Effects of ionization and proton-transfer on bond length alternation in favored and rare isomers of isocytosine

Abstract

For favored and rare prototropic tautomers of isocytosine (iC), geometric consequences of ionization, one-electron loss (iC − e → iC+) and one-electron gain (iC + e → iC−), have been studied. Effects of protonation and deprotonation on geometry of neutral isocytosine (iC + H+ → iCH+ and iC − H+ → iC−H−) as well as of its charged radicals (iC− + H+ → iCH and (iC+ − H+ → iC−H) have also been examined for selected isomers. Bond length alternation for the ground states of individual isomers, investigated in two extreme environments at the B3LYP/6-311+G(d,p) and PCM(water)//B3LYP/6-311+G(d,p) levels, have been quantitatively described using the geometry-based HOMED (harmonic oscillator model of electron delocalization) index. Generally, one-electron loss, one-electron gain, and proton-transfer reactions change electron delocalization in isocytosine isomers, and consequently the HOMED values. However, the HOMED indices calculated for structures optimized at the DFT level vary analogously to those optimized with PCM. When compared to other pyrimidine bases, cytosine (C) and uracil (U), exhibiting analogous tautomeric equilibria, rotational and/or geometric isomerism of exo groups (NH2/NH and/or OH/O), linear trends can be distinguished between the HOMED values of negatively ionized isomers (iC−, C−, and U−).
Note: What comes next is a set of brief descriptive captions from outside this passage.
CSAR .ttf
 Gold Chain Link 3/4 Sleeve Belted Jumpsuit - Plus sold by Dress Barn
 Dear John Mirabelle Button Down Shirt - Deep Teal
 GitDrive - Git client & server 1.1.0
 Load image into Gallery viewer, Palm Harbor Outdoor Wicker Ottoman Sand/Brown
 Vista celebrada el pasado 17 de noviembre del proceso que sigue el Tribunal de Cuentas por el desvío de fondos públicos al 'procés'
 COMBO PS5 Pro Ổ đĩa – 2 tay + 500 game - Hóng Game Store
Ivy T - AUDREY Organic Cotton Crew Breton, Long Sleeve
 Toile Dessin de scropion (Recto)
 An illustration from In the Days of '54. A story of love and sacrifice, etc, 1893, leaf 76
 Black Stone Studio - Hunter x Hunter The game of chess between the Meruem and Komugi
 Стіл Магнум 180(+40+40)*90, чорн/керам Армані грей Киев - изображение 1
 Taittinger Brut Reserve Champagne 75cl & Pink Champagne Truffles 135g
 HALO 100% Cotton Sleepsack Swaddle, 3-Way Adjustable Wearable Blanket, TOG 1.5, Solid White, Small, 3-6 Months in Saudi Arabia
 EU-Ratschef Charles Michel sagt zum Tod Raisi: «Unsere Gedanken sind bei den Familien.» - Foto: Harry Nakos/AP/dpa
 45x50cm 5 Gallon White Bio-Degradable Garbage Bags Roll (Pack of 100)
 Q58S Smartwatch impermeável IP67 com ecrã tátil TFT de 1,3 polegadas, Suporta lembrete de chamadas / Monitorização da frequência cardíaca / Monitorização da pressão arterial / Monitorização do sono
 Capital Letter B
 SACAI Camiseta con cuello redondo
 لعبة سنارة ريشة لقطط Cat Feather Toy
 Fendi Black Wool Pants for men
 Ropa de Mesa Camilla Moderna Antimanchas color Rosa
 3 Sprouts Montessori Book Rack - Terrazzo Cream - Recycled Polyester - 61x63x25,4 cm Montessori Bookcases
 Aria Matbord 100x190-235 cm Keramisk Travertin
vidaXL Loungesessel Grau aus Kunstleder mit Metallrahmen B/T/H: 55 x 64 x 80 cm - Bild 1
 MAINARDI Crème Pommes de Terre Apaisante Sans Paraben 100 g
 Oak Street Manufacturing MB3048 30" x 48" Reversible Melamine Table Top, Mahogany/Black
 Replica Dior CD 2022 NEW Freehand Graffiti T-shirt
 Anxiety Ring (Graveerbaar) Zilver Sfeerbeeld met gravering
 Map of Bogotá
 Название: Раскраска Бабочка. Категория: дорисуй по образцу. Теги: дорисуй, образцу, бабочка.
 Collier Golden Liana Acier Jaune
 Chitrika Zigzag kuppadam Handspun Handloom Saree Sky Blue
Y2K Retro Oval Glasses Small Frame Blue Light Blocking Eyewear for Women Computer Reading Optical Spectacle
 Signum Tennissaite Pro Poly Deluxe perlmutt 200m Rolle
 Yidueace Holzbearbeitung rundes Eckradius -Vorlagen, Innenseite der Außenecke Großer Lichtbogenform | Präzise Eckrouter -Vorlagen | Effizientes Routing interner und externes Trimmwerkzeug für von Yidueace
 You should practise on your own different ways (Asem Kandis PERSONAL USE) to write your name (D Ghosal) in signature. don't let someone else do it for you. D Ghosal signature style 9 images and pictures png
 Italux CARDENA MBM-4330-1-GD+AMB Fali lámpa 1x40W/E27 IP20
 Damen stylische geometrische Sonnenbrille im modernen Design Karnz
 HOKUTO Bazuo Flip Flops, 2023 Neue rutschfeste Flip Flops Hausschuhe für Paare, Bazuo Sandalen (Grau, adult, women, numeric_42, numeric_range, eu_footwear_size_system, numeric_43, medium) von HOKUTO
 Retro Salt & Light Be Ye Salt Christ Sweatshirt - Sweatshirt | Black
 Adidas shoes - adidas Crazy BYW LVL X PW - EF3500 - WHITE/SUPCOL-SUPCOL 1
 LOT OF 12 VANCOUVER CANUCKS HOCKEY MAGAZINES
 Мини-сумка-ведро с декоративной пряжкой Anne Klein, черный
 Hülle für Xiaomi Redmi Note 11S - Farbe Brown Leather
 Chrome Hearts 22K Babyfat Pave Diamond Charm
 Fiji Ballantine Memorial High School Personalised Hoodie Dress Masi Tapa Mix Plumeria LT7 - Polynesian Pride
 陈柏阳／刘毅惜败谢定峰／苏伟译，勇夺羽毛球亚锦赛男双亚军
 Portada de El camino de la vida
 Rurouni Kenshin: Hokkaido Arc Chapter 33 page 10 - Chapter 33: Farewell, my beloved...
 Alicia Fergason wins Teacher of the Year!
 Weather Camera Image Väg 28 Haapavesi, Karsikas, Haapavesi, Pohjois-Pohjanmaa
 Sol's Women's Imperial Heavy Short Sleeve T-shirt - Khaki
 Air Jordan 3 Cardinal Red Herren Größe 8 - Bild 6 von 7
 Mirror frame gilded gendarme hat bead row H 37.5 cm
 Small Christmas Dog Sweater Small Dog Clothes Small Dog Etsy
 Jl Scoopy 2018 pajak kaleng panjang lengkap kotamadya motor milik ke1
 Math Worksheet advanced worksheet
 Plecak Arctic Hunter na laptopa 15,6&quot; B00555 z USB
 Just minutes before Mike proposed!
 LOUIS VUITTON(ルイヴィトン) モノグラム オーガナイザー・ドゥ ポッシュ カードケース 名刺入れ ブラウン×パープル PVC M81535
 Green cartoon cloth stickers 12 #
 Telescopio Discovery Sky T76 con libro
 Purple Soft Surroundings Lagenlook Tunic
For positively ionized isomers (iC+, C+, and U+), relations between the HOMED indices seem to be more complex. This indicates some similarities in mechanisms of one-electron gain and some differences in mechanisms of one-electron loss for isomers of pyrimidine bases. Hence, the HOMED descriptor can be considered as some kind of ‘marker index’ for ionization mechanism in analogous series of tautomeric π-electron systems.